In order to determine the number of wallet-holders on the Bitcoin blockchain, they count the number of deposit addresses connected to various exchanges:
However, I did not think that each exchange would use a single deposit address for each user. In the past when I have deposited funds in some exchanges I would get a different address each time. Therefore, wouldn't this mean that rather than counting the number of users, this method is more likely counting the number of deposits? Since each user may have several deposits with a single exchange, this may be inflating the projected count of users by anywhere from 2 to 100+ times, depending on the average number of deposits made per user per exchange.
Most exchanges use an architecture called “deposit sweeping” to
handle crypto deposit inflows.
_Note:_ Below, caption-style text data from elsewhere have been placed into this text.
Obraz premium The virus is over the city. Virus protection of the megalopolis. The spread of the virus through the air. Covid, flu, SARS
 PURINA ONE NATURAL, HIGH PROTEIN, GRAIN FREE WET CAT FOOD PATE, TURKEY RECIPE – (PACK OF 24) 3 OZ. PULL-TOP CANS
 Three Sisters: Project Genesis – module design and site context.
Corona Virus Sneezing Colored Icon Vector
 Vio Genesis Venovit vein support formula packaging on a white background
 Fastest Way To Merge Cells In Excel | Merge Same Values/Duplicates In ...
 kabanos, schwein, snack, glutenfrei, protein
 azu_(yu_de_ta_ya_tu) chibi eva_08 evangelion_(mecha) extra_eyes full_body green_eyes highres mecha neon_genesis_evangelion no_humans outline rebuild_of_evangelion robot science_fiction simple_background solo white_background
By counting the deposit addresses via
on-chain data, we can approximate the number of users for that
The methodology doesn't make any attempt to correct for this, and actually goes on to further inflate this value by scaling it by the inverse of the 'deposit rate', calculated from one of Crypto.com's surveys:
This assumption that "the number of users on an exchange approximately equals to the number of exchange addresses" feels like a very strong assumption to me, doesn't align with my own experience of using exchanges, and can potentially skew the results by an order of magnitude!
By assuming that the number of users on an exchange approximately
equals to the number of exchange addresses, we can state our first
formula [Formula 1]
However, on-chain addresses will only appear once people have
performed a deposit / withdrawal action, to account for the fact that
some people have never deposited into / withdrawn from the
To estimate the true number of exchange users, we need to further
scale up the number in formula (1): it should be divided by the ratio
that people have deposited into an exchange.
We calculated the deposit ratio by blended metrics from our internal
data, survey data and industry benchmark.
Can someone with a better understanding of the different exchanges included in this report, and the 'deposit sweeping' methods and wallet structures used by these exchanges, provide their take on this assumption and the potential for error here?